JP 2010-172054 A discloses a technique of two tandem control systems, torque tandem control and position tandem control, including a corrector for applying a preload torque value to torque commands in order to minimize backlash between two motors. FIG. 7 is a block diagram illustrating main components of a structure based on the tandem control disclosed in JP 2003-079180 A, and including a corrector for applying a preload torque value disclosed in JP 2010-172054 A. Referring to FIG. 7, an amount of preload outputter 70 adds a preload torque that assumes a constant value, to the torque command Tm for the main control device, and adds the preload torque, with the polarity inverted, to the torque command Ts for the auxiliary control device.
However, the technique of applying a preload torque to two motors disclosed in JP 2010-172054 A cannot be applied to the tandem control electric motor control device having the torque arbitrator disclosed in JP 2003-079180 A because, if applied, as illustrated in FIG. 7, a torque arbitration value is generated when a preload torque is applied or removed, and displacement of the movable component occurs. The mechanics of how displacement occurs when a preload torque is applied or removed will be described below. The speed controllers 11 and 21 output torque commands Tm and Ts, each for causing an amount of speed deviation to become zero based on the speed feedback information of the speed detector 15 or 25. At this time, if the torque arbitrator 40 is ignored, because the torque commands Tm and Ts are outputs that assume the same value with different polarities, the combined torque output from the electric motors is zero, and no displacement of the movable component occurs.
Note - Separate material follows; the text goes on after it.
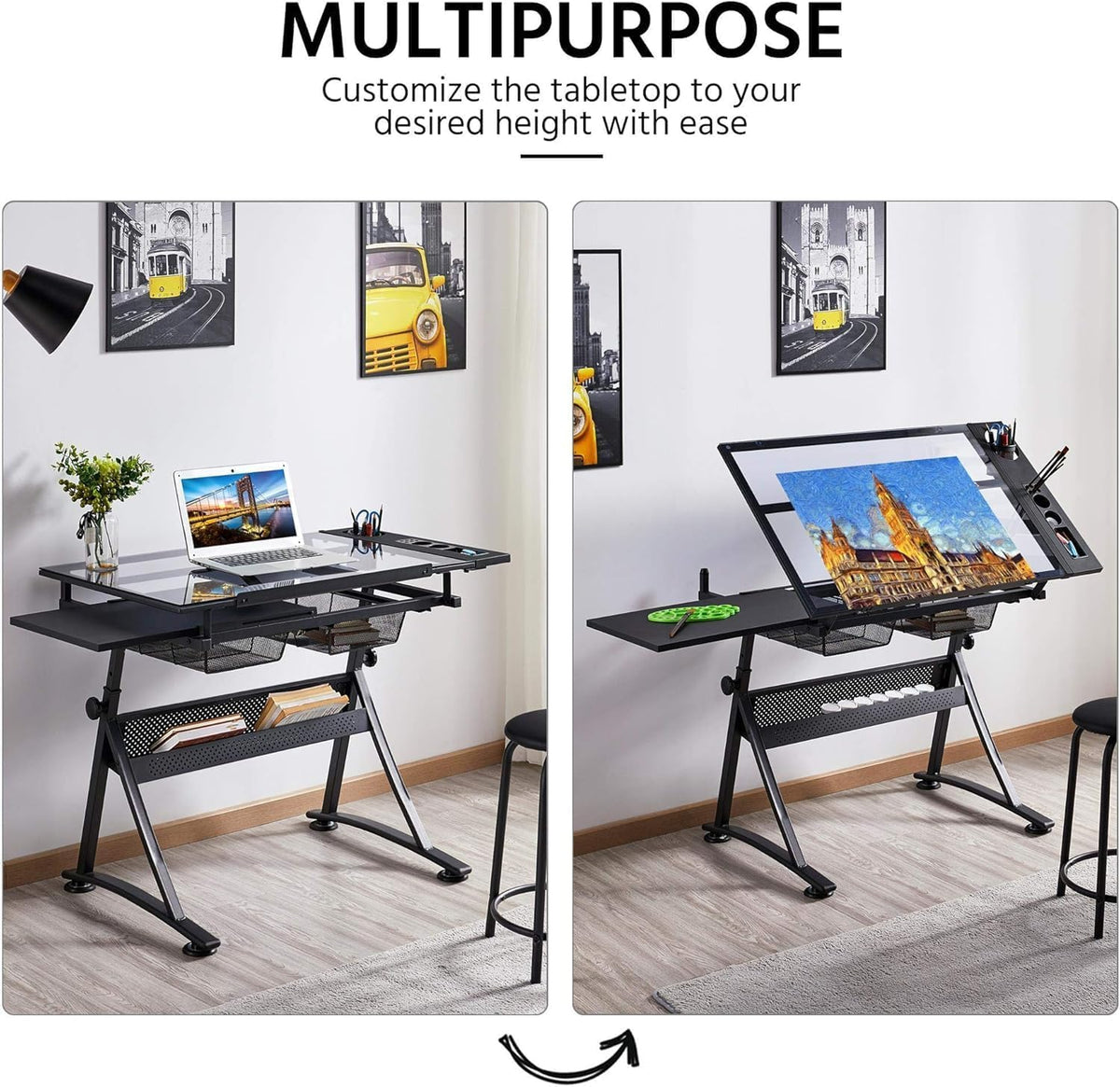 Drafting Table w/Stool, Height Adjustable Multifunctional Drawing Table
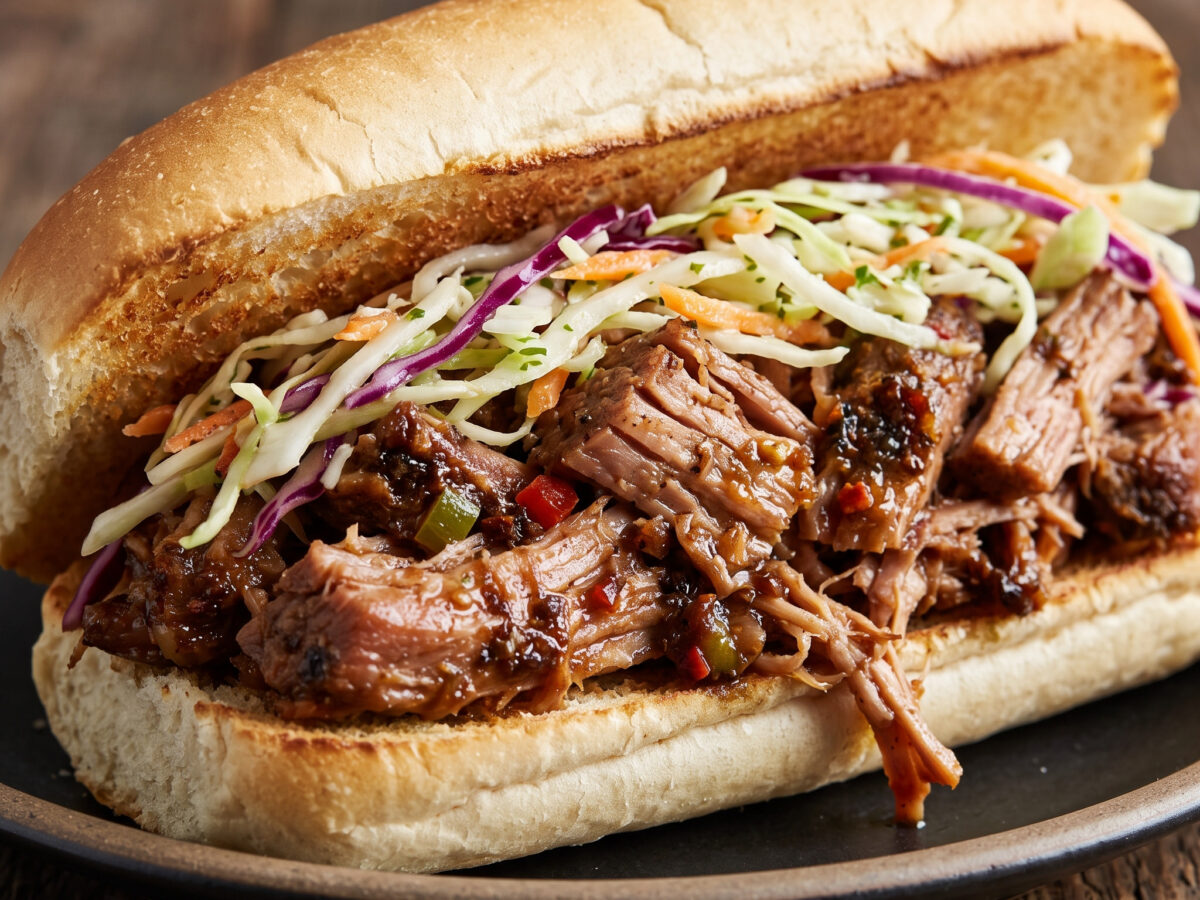 Jerk-Pork-Sandwich mit Limetten-Krautsalat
However, actually, because the torque arbitrator 40 causes the torque command Ts for the auxiliary electric motor to assume a value different from the torque command Tm for the main electric motor, the combined torque output from the electric motors is not zero, and displacement of the movable component occurs.
As a result, when a power transmission mechanism, such as a reduction gear or a gear, of a machine has large backlash or torsional moment, because an increase in gains of speed and position control loops oscillates electric motors and causes vibrations or unusual noise, gain should be lowered, which degrades follow-up performance. When the backlash or torsional moment of a reduction gear or a gear is structurally reduced, the rigidity of the transmission mechanism should be increased, and the gear should be of a higher accuracy (grade), which increases the costs.
In the tandem control electric motor control device having a corrector for applying a preload torque value disclosed in JP 2010-172054 A, when the shaft structure requires a holding torque under the influence of gravity, because the holding torque and the preload torque for minimizing backlash are added to a torque command, the electric motors generate greater heat. As a result, greater thermal displacement shifts the center of the shaft, resulting in deterioration in machining accuracy, or the machine is stopped in response to an overload alarm for protecting the electric motors, resulting in decreased machining efficiency.
Although the problems can be solved by water cooling the electric motors or the machine as a method for minimizing such thermal displacement caused by heat generation, this approach increases the costs. Further, although the problems can be solved by employing electric motors having greater continuous rated power as a method for minimizing heat generation of the electric motors, the increase in capacity of the electric motors increases the costs, and because the volume of the electric motors is increased, this approach upsizes the machine and reduces the design flexibility of the machine.